From: Douglas Bates

Date: Wed, 06 Apr 2011 16:03:24 -0500

On Wed, Apr 6, 2011 at 3:44 PM, Christopher Desjardins
<cddesjardins_at_gmail.com> wrote:

Hi,
*

I have longitudinal school suspension data on students. I would like to

figure out how many students (id_r) have no suspensions (sus), i.e. have a
code of '0'. My data is in long format and the first 20 records look like
the following:
**>
> suslm[1:20,c(1,7)]
id_r sus
11 0
15 10
16 0
18 0
19 0
19 0
20 0
21 0
21 0
22 0
24 0
24 0
25 3
26 0
26 0
30 0
30 0
31 0
32 0
33 0
**>
Each id_r is unique and I'd like to know the number of id_r that have a 0
for sus not the total number of 0. Does that make sense?
*

You say you have longitudinal data so may we assum that a particular id_r can occur multiple times in the data set? It is not clear to me what you want the result to be for students who have no suspensions at one time but may have a suspension at another time. Are you interested in the number of students who have only zeros in the sus column?
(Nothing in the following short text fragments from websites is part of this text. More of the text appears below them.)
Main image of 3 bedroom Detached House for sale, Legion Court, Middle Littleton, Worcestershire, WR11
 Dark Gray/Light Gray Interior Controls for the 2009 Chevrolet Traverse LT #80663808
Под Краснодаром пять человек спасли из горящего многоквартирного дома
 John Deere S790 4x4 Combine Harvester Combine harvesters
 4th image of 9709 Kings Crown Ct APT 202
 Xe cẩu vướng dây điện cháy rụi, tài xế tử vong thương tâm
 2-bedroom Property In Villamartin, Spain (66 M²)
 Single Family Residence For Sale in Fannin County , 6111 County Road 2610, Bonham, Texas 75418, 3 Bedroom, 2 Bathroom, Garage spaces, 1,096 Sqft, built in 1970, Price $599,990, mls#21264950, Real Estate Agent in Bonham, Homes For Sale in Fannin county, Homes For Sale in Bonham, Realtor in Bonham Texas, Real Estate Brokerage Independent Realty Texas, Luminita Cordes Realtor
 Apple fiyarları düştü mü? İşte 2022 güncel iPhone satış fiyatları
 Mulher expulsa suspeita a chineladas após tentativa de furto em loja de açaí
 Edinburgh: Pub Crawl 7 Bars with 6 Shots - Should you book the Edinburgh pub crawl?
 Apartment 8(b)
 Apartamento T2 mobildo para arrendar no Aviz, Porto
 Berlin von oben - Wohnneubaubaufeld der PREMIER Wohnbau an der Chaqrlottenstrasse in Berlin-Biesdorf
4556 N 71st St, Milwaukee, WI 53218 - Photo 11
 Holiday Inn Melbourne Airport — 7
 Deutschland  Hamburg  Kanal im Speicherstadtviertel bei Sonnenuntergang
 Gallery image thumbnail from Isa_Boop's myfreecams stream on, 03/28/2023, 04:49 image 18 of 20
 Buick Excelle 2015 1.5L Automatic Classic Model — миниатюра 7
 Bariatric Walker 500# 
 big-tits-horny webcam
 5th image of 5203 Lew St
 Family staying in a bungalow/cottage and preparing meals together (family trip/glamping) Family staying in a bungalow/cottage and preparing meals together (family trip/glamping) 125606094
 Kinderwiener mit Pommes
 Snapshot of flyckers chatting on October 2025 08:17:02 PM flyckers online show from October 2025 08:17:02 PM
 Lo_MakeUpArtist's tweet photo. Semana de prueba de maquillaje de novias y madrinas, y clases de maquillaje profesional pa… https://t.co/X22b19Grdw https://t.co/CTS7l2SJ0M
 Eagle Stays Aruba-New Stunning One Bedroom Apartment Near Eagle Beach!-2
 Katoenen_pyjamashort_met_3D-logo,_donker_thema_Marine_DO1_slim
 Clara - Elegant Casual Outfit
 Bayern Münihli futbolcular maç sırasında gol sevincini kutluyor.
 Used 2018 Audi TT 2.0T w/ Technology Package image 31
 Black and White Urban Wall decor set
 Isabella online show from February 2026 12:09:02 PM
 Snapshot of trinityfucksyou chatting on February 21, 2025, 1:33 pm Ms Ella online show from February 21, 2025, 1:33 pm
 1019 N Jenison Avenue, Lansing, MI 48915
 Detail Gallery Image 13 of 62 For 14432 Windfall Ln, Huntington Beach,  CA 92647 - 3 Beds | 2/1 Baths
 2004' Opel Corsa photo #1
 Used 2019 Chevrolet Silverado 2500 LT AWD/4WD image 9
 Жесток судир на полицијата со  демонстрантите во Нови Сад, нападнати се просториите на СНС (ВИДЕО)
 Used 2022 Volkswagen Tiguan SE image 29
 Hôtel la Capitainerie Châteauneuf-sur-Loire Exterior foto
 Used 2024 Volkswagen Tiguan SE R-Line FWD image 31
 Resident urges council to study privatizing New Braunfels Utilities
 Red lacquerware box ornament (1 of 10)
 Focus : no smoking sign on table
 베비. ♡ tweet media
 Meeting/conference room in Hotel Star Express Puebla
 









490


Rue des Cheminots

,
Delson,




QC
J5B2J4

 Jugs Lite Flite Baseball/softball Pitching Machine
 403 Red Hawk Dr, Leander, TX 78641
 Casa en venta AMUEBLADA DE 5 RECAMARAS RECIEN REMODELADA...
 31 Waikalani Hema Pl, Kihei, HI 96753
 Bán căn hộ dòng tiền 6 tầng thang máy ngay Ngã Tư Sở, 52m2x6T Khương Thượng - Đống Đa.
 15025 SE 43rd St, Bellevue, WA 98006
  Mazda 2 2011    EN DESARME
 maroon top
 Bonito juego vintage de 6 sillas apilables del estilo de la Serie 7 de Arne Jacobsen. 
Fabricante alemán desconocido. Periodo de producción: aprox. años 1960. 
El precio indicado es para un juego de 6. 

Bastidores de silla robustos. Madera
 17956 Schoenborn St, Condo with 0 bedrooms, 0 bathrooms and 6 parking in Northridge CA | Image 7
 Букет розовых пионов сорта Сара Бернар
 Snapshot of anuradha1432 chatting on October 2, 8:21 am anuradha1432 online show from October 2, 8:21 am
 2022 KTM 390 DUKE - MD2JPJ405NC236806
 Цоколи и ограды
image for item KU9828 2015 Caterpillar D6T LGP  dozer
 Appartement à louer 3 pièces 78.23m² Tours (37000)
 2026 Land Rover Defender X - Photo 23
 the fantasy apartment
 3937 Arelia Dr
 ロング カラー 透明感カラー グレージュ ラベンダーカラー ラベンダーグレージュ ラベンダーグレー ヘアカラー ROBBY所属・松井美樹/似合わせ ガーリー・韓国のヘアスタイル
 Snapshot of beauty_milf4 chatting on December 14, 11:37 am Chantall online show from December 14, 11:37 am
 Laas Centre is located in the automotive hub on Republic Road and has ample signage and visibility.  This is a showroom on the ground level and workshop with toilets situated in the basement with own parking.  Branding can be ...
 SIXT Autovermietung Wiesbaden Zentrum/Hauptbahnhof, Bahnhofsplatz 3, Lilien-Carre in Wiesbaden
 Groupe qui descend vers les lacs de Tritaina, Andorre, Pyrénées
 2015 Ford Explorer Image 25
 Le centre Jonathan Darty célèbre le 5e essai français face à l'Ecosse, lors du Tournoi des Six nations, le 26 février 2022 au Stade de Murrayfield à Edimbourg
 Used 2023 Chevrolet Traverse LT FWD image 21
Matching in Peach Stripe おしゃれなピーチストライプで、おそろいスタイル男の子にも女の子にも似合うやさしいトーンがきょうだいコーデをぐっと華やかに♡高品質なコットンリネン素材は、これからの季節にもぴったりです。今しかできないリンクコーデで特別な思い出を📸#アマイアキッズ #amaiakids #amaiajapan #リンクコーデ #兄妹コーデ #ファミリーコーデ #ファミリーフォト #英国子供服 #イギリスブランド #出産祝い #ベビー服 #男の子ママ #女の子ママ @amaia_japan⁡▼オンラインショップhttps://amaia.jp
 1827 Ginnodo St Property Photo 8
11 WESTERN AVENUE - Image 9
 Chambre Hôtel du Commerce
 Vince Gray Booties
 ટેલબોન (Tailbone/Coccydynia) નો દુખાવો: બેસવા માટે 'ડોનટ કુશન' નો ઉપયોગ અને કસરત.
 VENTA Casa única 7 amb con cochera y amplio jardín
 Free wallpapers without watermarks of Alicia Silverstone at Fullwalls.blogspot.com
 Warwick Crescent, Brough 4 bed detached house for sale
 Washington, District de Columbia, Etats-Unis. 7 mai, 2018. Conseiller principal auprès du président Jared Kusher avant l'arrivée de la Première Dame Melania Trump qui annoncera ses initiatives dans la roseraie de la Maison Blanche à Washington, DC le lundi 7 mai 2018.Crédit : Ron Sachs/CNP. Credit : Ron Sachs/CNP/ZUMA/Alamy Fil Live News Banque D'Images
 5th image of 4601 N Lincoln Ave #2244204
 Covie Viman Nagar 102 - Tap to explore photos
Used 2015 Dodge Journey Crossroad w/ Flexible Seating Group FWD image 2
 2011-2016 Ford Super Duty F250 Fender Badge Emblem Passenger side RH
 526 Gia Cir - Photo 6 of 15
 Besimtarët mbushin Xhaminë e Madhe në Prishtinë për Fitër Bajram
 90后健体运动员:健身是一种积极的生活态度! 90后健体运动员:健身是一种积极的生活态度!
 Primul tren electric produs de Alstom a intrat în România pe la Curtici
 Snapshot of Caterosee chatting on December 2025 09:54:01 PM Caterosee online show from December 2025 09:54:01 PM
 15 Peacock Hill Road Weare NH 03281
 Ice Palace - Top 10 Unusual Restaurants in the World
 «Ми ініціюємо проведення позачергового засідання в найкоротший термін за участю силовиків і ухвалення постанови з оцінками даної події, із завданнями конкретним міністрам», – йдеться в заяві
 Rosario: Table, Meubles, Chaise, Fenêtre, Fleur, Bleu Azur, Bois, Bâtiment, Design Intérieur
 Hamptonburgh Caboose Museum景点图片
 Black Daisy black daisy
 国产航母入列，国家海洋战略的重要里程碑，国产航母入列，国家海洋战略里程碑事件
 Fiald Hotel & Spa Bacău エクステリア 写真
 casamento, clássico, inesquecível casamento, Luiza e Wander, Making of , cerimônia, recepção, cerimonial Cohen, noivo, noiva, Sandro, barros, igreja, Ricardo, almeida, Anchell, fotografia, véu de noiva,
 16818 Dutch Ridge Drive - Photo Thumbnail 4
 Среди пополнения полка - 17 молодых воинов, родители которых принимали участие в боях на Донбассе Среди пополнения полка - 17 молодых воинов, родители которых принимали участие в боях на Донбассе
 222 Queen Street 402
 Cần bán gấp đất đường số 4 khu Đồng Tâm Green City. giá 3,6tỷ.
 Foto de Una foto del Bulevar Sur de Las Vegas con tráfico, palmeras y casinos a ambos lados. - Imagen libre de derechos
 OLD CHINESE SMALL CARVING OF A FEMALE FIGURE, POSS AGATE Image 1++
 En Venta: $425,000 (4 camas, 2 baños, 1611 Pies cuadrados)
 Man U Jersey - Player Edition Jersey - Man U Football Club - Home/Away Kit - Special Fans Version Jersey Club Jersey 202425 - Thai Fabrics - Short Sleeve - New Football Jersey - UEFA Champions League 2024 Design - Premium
One way to approach this task is to use tapply. I would create a data frame and convert id_r to a factor.

df <- within(as.data.frame(suslm), id_r <- factor(id_r)) counts <- with(df, lapply(sus, id_r, function(sus) all(sus == 0)))

The tapply function will split the vector sus according to the levels of id_r and apply the function to the subvectors.